● **Provided material**
========================================================================

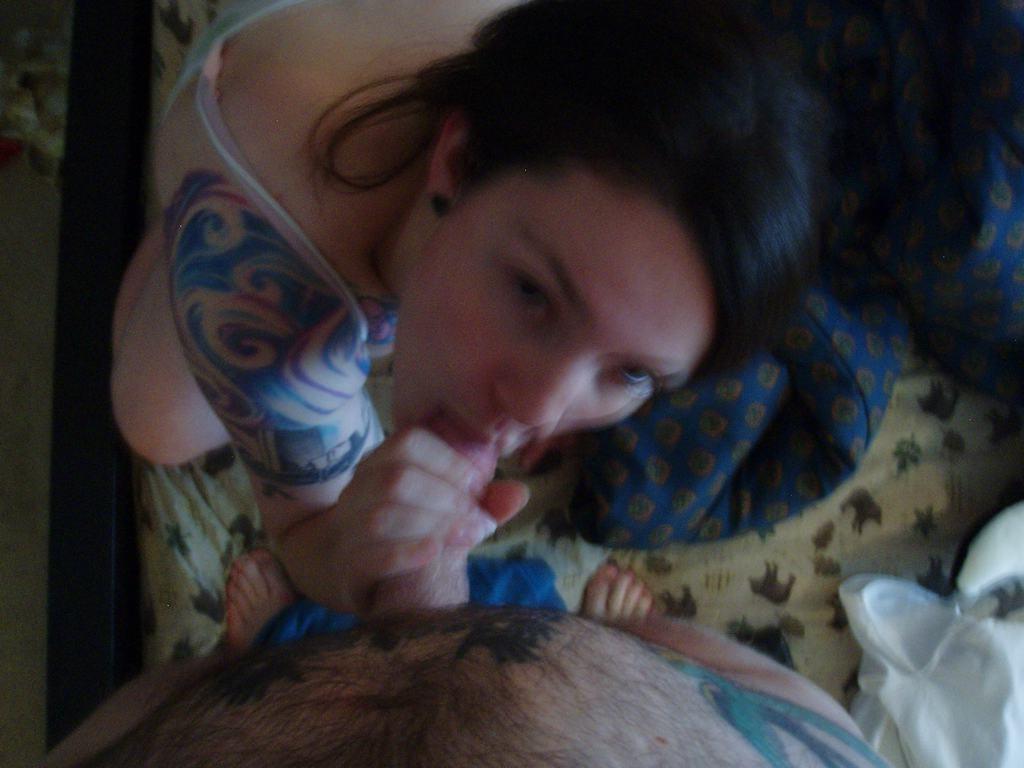 15P Homemade tattooed amateur teen girlfriend facial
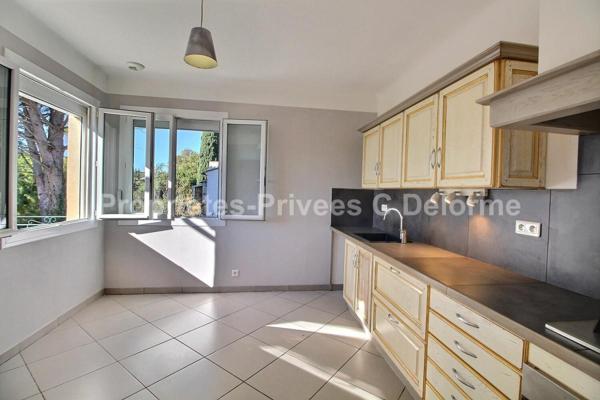 TRESQUES : Villa sur deux niveaux avec double potentiel habitation / professionnel  172,48 m2 Habitables , 5 chambres,  dépendance 120m2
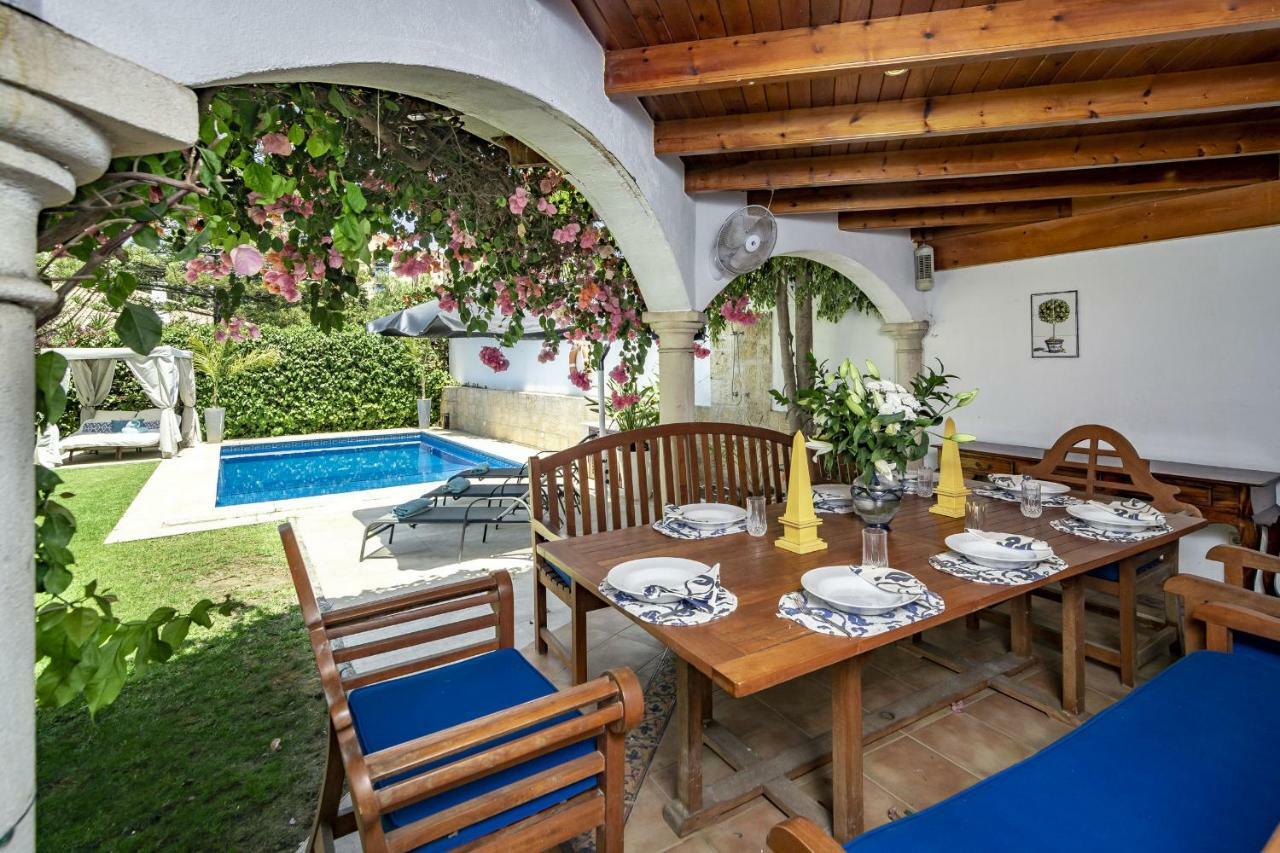 Villa Casakhan, Beautiful Luxury Villa, マルベーリャ エクステリア 写真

========================================================================

● **The task**
Leaving every picture aside, repeat the listing exactly.

● **Written response**
 15P Homemade tattooed amateur teen girlfriend facial
 TRESQUES : Villa sur deux niveaux avec double potentiel habitation / professionnel  172,48 m2 Habitables , 5 chambres,  dépendance 120m2
 Villa Casakhan, Beautiful Luxury Villa, マルベーリャ エクステリア 写真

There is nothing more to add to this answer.